**What you need to do:** Every entry below needs to be printed again exactly, with its pictures left out.

○ ○ ○

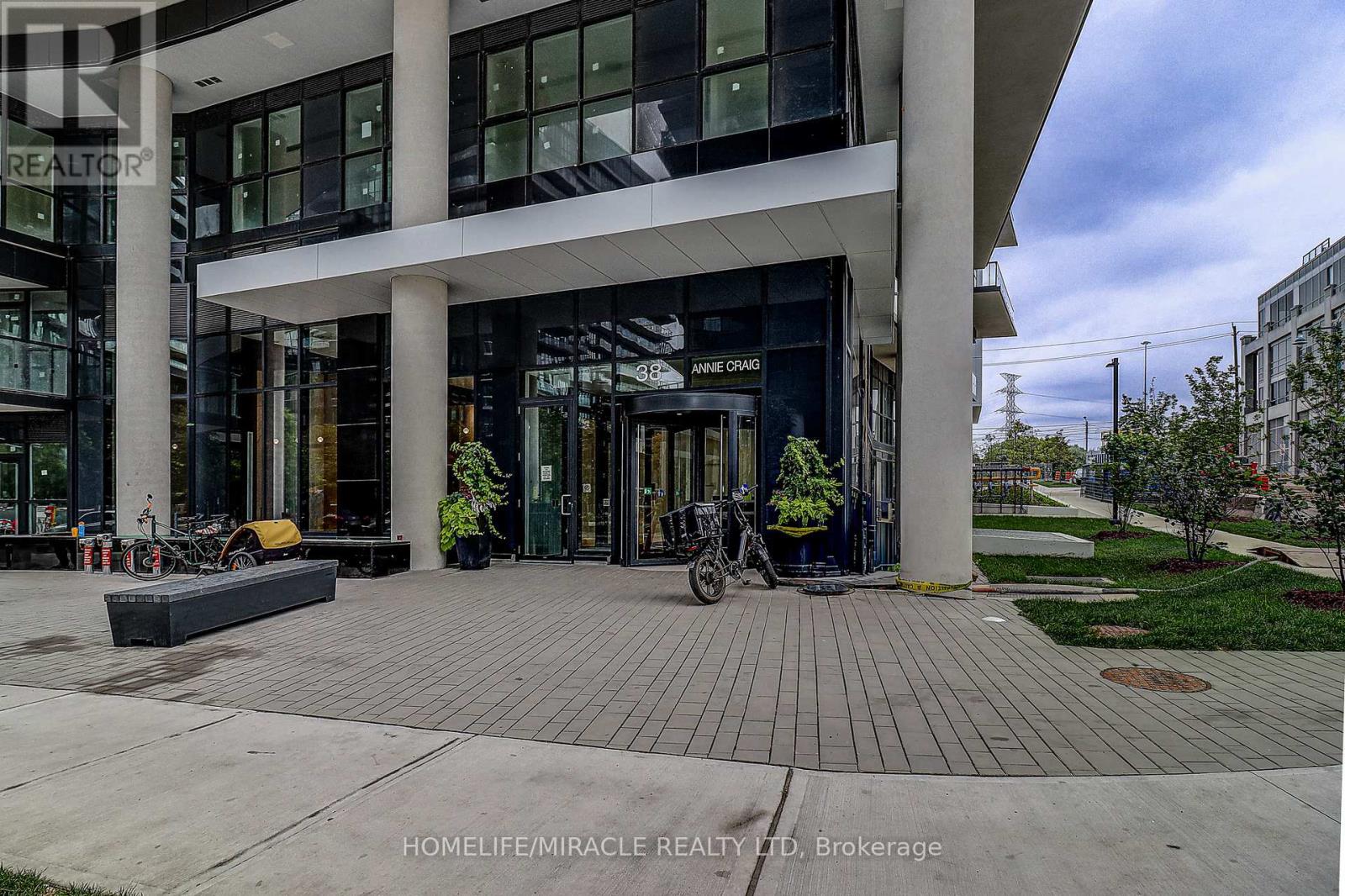 Photo 3 of 3506 38 Annie Craig Drive, Toronto ON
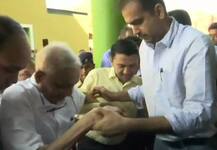 बीमार मनोहर पर्रिकर चार महीने बाद पहुंचे ऑफिस, अधिकारी ने हाथ पकड़कर चढ़ाया सीढ़ी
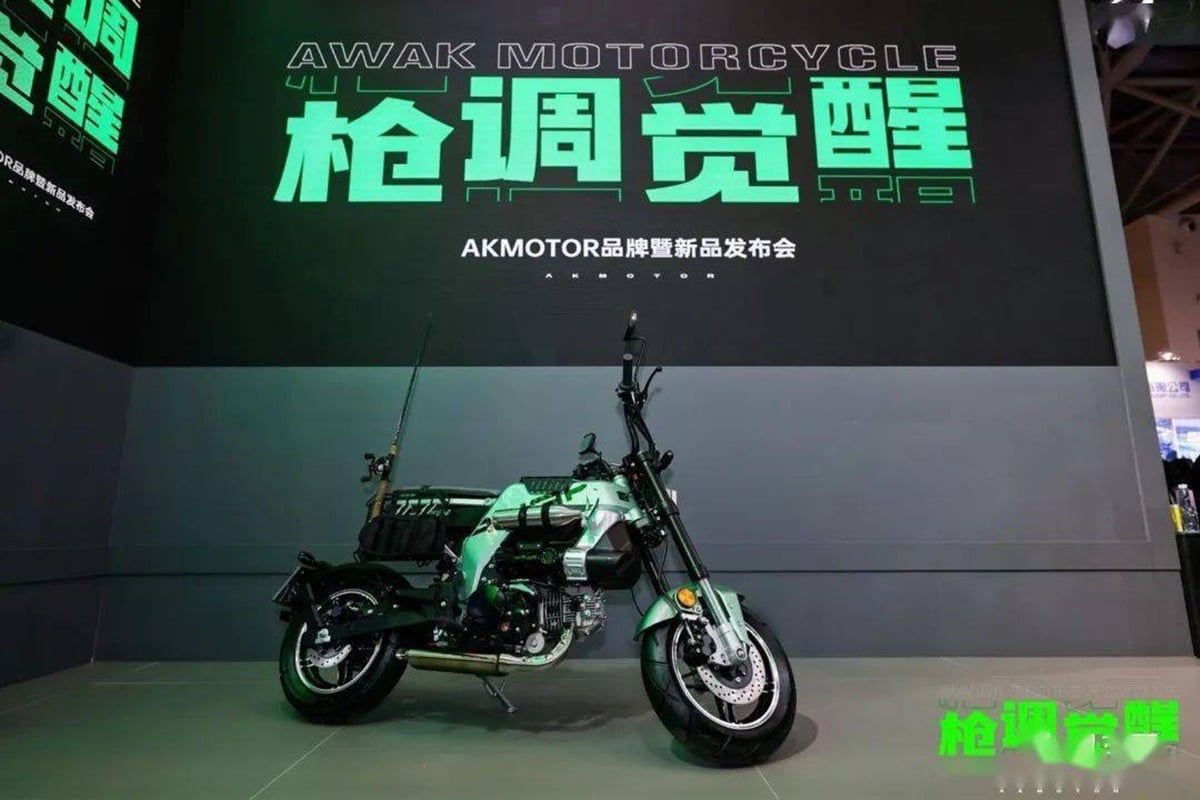 Awak AK11: La minimoto china dispuesta a batallar con las icónicas Dax, Monkey y Grom de Honda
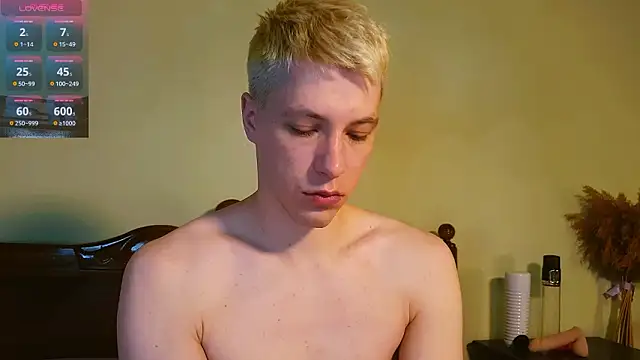 -ethan7inches- online show from March 21, 12:56 am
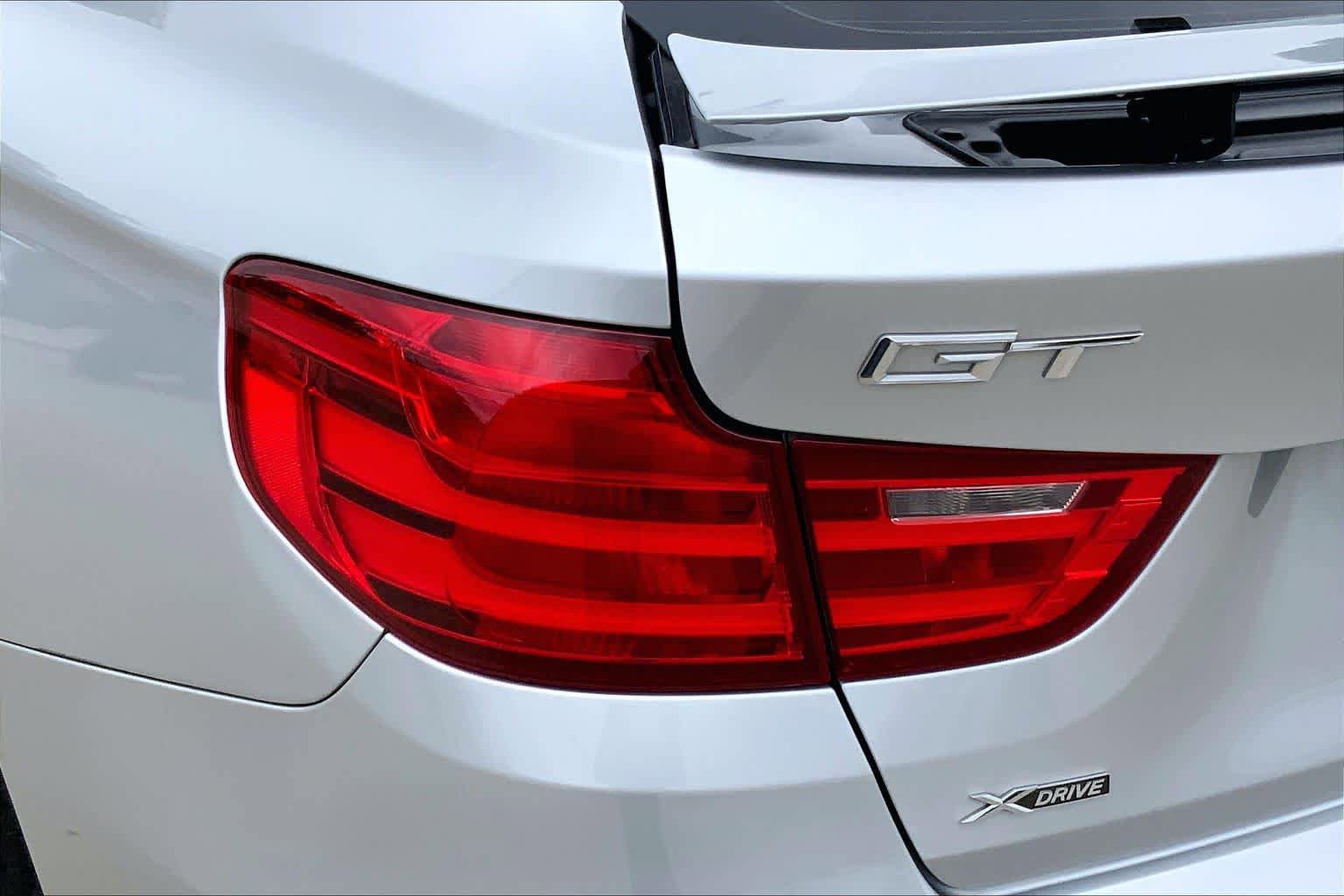 Used 2016 BMW 335i Gran Turismo xDrive image 28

○ ○ ○

**Exercise solution:**
 Photo 3 of 3506 38 Annie Craig Drive, Toronto ON
 बीमार मनोहर पर्रिकर चार महीने बाद पहुंचे ऑफिस, अधिकारी ने हाथ पकड़कर चढ़ाया सीढ़ी
 Awak AK11: La minimoto china dispuesta a batallar con las icónicas Dax, Monkey y Grom de Honda
 -ethan7inches- online show from March 21, 12:56 am
 Used 2016 BMW 335i Gran Turismo xDrive image 28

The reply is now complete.